:: ASSIGNED TASK ::
Take the entries below and print only the lines from the one with "รถ Audi Q2เบนซิน SUV มือสองรถ SUV" through the one with "Un hombre filma", exactly as they stand, both ends included.

:: TASK MATERIAL ::
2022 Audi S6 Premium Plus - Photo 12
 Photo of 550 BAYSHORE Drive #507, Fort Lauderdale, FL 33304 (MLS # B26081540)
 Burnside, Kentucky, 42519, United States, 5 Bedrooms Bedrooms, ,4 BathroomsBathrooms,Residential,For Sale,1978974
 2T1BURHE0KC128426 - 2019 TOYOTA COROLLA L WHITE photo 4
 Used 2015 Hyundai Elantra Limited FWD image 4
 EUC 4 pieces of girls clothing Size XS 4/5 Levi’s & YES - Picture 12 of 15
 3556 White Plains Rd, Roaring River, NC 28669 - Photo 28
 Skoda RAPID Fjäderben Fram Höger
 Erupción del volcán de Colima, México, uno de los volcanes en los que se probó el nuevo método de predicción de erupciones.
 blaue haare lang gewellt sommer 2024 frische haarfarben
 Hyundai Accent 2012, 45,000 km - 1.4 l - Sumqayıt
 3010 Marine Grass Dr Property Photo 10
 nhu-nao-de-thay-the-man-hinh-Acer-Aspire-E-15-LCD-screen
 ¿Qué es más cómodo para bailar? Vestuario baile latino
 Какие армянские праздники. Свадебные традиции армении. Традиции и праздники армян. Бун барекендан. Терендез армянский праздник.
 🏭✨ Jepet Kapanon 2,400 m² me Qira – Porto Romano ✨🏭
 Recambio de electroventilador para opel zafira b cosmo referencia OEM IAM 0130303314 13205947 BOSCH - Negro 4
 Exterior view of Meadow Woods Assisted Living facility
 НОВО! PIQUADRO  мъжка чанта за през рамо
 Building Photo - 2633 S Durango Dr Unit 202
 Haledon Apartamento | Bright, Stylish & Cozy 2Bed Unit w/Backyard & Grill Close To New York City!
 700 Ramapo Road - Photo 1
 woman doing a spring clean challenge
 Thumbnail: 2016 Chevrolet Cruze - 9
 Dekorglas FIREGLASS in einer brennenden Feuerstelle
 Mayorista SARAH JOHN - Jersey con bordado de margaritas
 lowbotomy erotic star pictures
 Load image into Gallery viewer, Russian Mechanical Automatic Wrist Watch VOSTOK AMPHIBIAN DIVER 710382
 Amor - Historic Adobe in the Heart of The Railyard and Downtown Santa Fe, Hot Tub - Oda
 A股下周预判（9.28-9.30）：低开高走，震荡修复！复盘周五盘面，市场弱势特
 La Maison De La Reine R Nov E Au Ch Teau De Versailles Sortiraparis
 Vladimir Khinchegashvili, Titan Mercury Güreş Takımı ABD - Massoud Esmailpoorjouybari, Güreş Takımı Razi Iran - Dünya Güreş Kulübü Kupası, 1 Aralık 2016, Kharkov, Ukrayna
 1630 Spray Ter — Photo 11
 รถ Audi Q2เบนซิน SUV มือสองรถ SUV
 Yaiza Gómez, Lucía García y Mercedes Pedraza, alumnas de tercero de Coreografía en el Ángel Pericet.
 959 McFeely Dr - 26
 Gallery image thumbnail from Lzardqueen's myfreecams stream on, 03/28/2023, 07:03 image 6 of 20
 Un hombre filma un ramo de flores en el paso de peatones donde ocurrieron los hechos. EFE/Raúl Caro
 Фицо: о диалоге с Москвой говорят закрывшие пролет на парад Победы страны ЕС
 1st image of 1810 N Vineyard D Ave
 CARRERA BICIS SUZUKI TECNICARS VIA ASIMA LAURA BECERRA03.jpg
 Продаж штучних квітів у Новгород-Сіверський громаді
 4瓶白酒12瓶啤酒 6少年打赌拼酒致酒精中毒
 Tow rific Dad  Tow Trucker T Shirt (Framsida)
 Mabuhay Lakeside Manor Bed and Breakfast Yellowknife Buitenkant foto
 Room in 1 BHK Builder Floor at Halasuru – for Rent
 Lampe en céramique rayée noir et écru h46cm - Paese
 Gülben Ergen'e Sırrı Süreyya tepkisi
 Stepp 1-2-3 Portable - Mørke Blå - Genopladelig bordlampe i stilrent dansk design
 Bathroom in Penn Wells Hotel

:: ANSWER FOR THIS EXERCISE ::
 รถ Audi Q2เบนซิน SUV มือสองรถ SUV
 Yaiza Gómez, Lucía García y Mercedes Pedraza, alumnas de tercero de Coreografía en el Ángel Pericet.
 959 McFeely Dr - 26
 Gallery image thumbnail from Lzardqueen's myfreecams stream on, 03/28/2023, 07:03 image 6 of 20
 Un hombre filma un ramo de flores en el paso de peatones donde ocurrieron los hechos. EFE/Raúl Caro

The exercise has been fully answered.